Jusqu’à cinq millions d’Afghans sont en train de se battre pour pouvoir subvenir à leurs besoins immédiats, la santé de plus d’un million de jeunes enfants et d’un demi-million de femmes est menacée par un risque sérieux de malnutrition, et cependant l’appel d’urgence des Nations Unies pour nourrir les Afghans n’est qu’à demi financé.

Raymond C. Offenheiser, Président d’Oxfam Amérique, a dit : « Avec l’insécurité qui s’étend, et les civils qui doivent subvenir à des besoins critiques, il faut une nouvelle stratégie d’ensemble pour éviter une crise majeure. »

Dans une note envoyée au Président Obama, en plus des besoins humanitaires, Oxfam Amérique s’inquiète du fait que les événements ont atteint un point critique en Afghanistan, et que la situation pourrait encore se détériorer si les États-Unis ne prennent pas les choses en main en s’occupant des échecs du régime, de l’aide, de la reconstruction et de la protection des civils. Dans cette note, Oxfam Amérique souligne dix points essentiels qui pourraient changer les choses en Afghanistan.

« Avec une reconstruction hésitante et l’instabilité qui augmente, les États-Unis doivent chercher au-delà des solutions militaires, et assurer un rôle majeur dans la protection des civils et dans la construction d’une nouvelle approche internationale de l’Afghanistan », dit Raymond C. Offenheiser.

En 2008, les conditions de sécurité ont atteint leurs niveaux les plus bas depuis l’intervention de 2001. Le nombre des victimes civiles de tous les camps a continué à augmenter, avec plus de 2000 civils morts l’an dernier, dont presque 800 provoqués par des opérations des forces internationales et du gouvernement afghan. La moitié du pays est inaccessible aux Nations Unies, et les attaques sur les travailleurs humanitaires continuent d’augmenter, pénalisant l’assistance au développement et l’aide humanitaire.

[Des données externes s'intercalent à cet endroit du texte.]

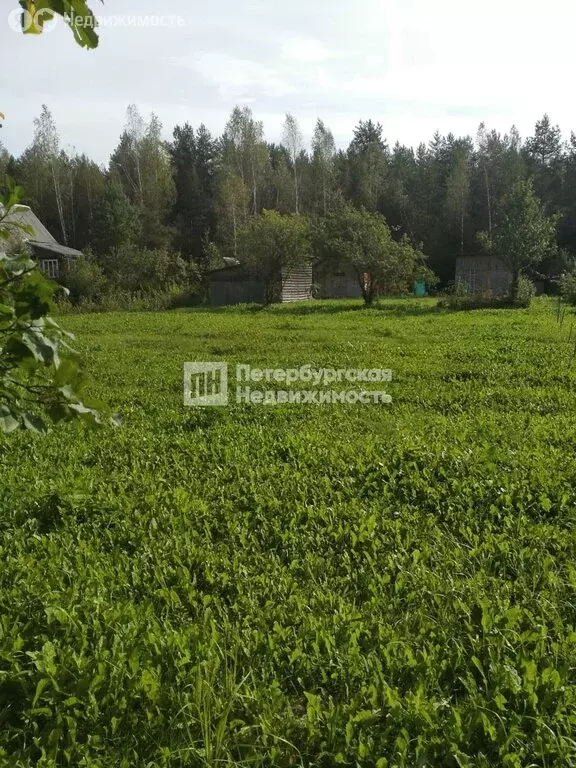 Участок в Чаща, Дорожная улица, 31 (18 м) - Фото 0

Matt Waldman, responsable des politiques d’Oxfam International en Afghanistan, a dit : « C’est trop tard pour les solutions miracles ou les demi-mesures. Il n’y a que des efforts internationaux concertés, donnant la priorité à la sécurité et aux moyens de subsistance des civils afghans, qui peut endiguer la vague de violence. »

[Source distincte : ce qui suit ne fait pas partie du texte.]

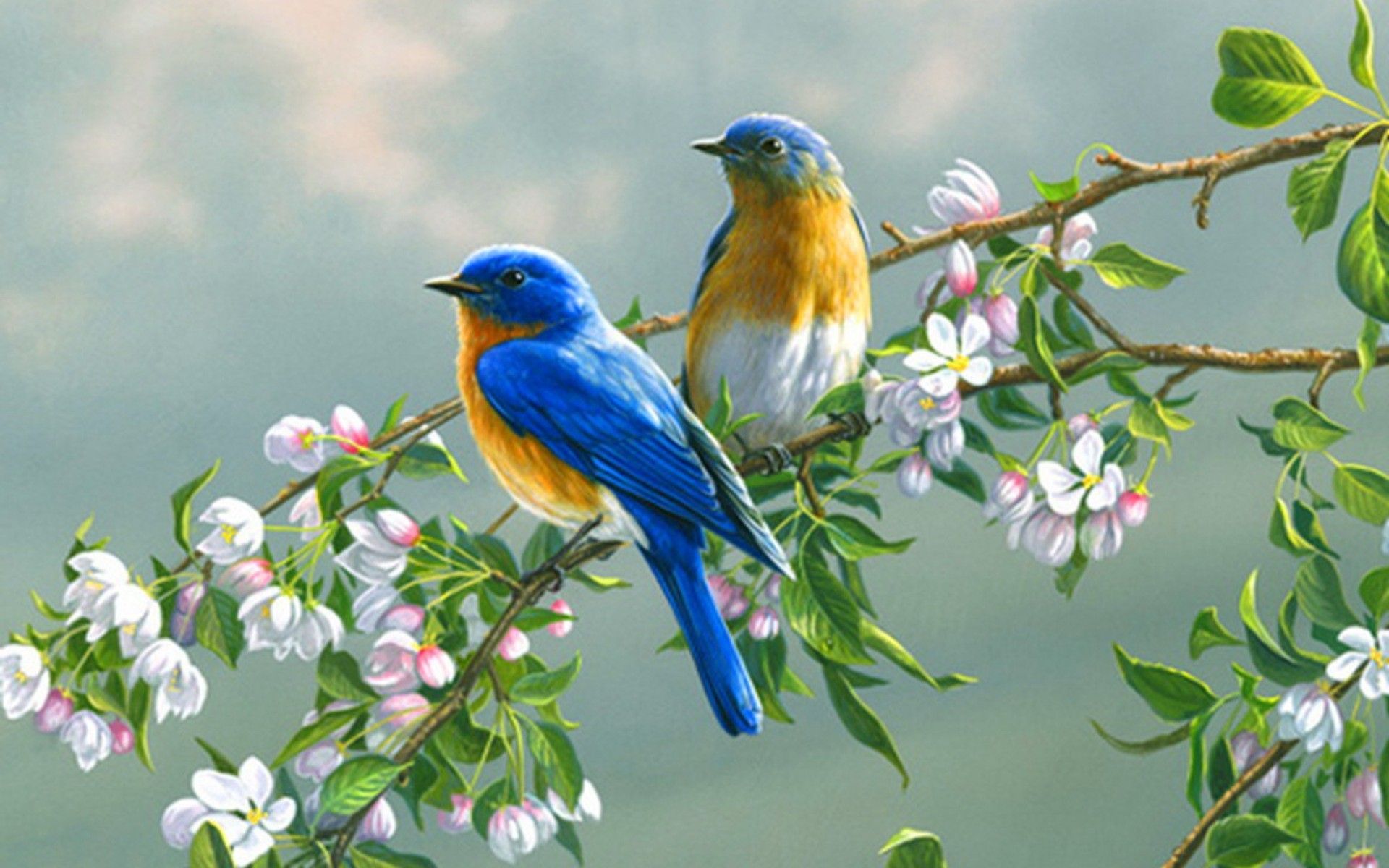 Blue Bird Wallpaper Top Background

La note d’Oxfam Amérique au Président Obama appelle à une meilleure réponse humanitaire à la crise, à des améliorations majeures dans l’efficacité de l’aide, à un meilleur support de l’agriculture et de l‘économie rurale, à une action sur la construction de la paix, la coopération régionale, la réforme du gouvernement et des nouvelles mesures de protection des civils.

Notes aux rédactions

  • L’espérance de vie en Afghanistan, l’un des pays les plus pauvres du monde, n’est que de 45 ans – et un enfant afghan sur cinq meurt avant l’âge de cinq ans.
  • Oxfam travaille en Afghanistan depuis plus de vingt ans, s’occupant de programmes d’aide rurale, et apportant son soutien à des organisations partenaires.
  • En juillet 2008, les Nations Unies ont lancé un appel d’urgence conjoint pour l’Afghanistan, demandant 404 millions de dollars. Au 31 janvier 2009, le financement s’élève à 201 millions de dollars.